Gary Bain, Jo Ann’s husband, called authorities later on April 27 to report his family as missing. Officials had interviewed Mayes before, but when they contacted him after the missing persons report, he took flight, according to the affidavit, signed by Special Agent Cathy L. Ferguson, a Tennessee investigator.
On or about that same day, Mayes was seen digging in his mother’s backyard in Guntown, according to the affidavit, which cites interviews with Mayes’ mother and ex-wife for the information.
By May 4, the FBI had begun digging at the family home in Mississippi and had found two bodies, later identified as Jo Ann Bain and her eldest daughter who “suffered serious bodily injury as a result of their removal or confinement.” The rented trailer was also searched.
Tennessee officials have added Mayes to the state list of its 10 most wanted fugitives. The reward for information on his whereabouts has been increased to $56,000.
Teresa Mayes’ sister, Bobbi Booth, told the Associated Press on Tuesday that her sister told her last week that she knew about the killings, but Booth thinks that Teresa Mayes may have been too scared to call the police.
“Teresa started to call, text and Facebook constantly on Thursday,” Booth said.
Booth told Teresa Mayes to call the police and was assured that she had. But by Saturday, Booth had become suspicious about that claim and called police herself, she said.

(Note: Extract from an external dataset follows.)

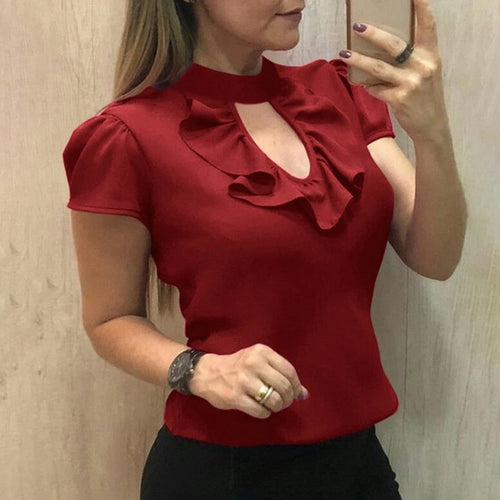 Ruffle O Neck Hollow Out Casual Shirt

“I told them exactly what she had told me -- who the bodies were, where they could be dug from,” Booth told the wire service.
The search for Mayes has now moved into high gear, with camouflage-wearing officers combing the woods and back roads of Mississippi near the Mayes’ home. Vehicles have been stopped by officials seeking the fugitive, who authorities believe has altered his appearance.
Mayes is considered armed and dangerous. He also has ties to Arizona, Texas, North Carolina, South Carolina and Florida.